Couldn’t resist sharing this with our Man Teas fans.


They’re here! You’ve been asking for ManTeas swag. We listened!
Don’t miss out on your chance to show your office mates (particularly those pesky coffee drinkers) your tea drinking machismo.
Nice thick mouse pad with the full color image seen here.
Just $9.99!
[yak_buy]
[yak_buy]

I wanted to get this posted sooner, in time for the holiday shopping season, because this is the gift that every tea-drinking man needs. But I guess better Nate than Lever.
Here’s a hand-crafted (from unbleached, food-safe muslin) T-baggin’ Tea Bag. Complete with drawstring and tons of pure, ornery Chutzpah. Approx. 4″x4″.
Get yours for just $9.99![yak_buy]

Chicks don’t OWN chocolate, okay? Some of them might think they do, which is why some dude decided he needed to mark his chocolate territory by dipping bacon into his stash. At least that’s the way I imagine this odd combination came into being. In any event, we’ve got it in TEA form now!
We’ve blended our premium Indian black teas with organic cacao nibs, imitation bacon bits and natural (and believe it or not, Kosher and vegan!) flavors. For those of you who have feared the imminent heart attack associated with trying one of these carnival/fair delicacies, fear no more. Enjoy your chocolate covered bacon treat in tea form!
(That’s 20-25 cups!)
Hell if I know, but something is definitely wong. “Earl Grey sucks” but “Chamomile is cool”? This definitely means we are still in search of a celebrity endorsement for our teas. We really didn’t want this ear-biter anyway. (Don’t kill me Mike!)

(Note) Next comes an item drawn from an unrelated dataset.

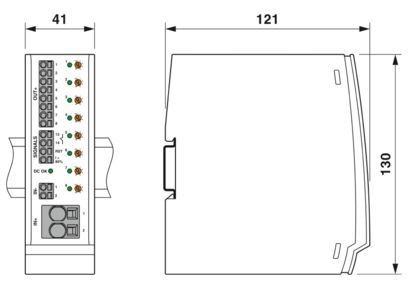 NO-R CBM E8 24DC/0.5-10A Электронный выключатель с регулируемым током 0,5-10A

Mary Ann was definitely way hotter than Ginger. Even if you like the high maintenance, movie-star-type, Ginger was just a total tease. At least Mary Ann gave up some creampie for Gilligan. So here, in honor of Mary Ann, for those of us old enough to have included her in our spank bank, our very own, Coconut Cream Pie flavored black tea. It has our premium black teas, honking big coconut flakes and all natural flavors. Trust me, you’re going to love this one.
(That’s 20-25 cups!)
Just in time for Cinco de Mayo! Here’s our premium Indian black teas blended with real freeze-dried jalapenos and natural jalapeno flavor! Man up and get some while you can. This is a limited edition blend!
(That’s 20-25 cups!)
PLEASE NOTE: This is a limited edition blend until we can determine how much demand we have for it. We have about 16 two ounce pouches for now. So get yours now!
Recently, the Tea Man has been coming under a bit of fire for some of the content on ManTeas.com
@popelizbet on Twitter was certainly not the first to complain, but she was the first to mis-label us as homophobic:
no thanks, @manteas, the men in my life take sugar and sometimes milk, but not homophobic marketing. #nicetrybutno
For the record, I personally think gay dudes are great. They leave more chicks for the rest of us. And I’ve already said my peace about lesbians elsewhere. Though I would never encourage guys “to treat lesbians they encounter as a wandering peep show,” it’s still hot to think about two chicks together.
So, in summary, Man Teas (and the Tea Man) are not homophobic. Misogynistic, sexist, chauvinist pig? Maybe. But not homophobic.
Well, you had to know this was coming from ManTeas! We’ve been quietly working on it for a while now and we are now proud to present our BEER Flavored Black Tea!

This is a non-alcoholic beverage, so drinking it won’t make you think your girlfriend is as hot as this, but if you are looking for a manly tea, it doesn’t get any better than this!
(That’s 20-25 cups!)
PLEASE NOTE: This is a limited edition blend until we can determine how much demand we have for it. We have about 16 two ounce pouches for now. So get yours now!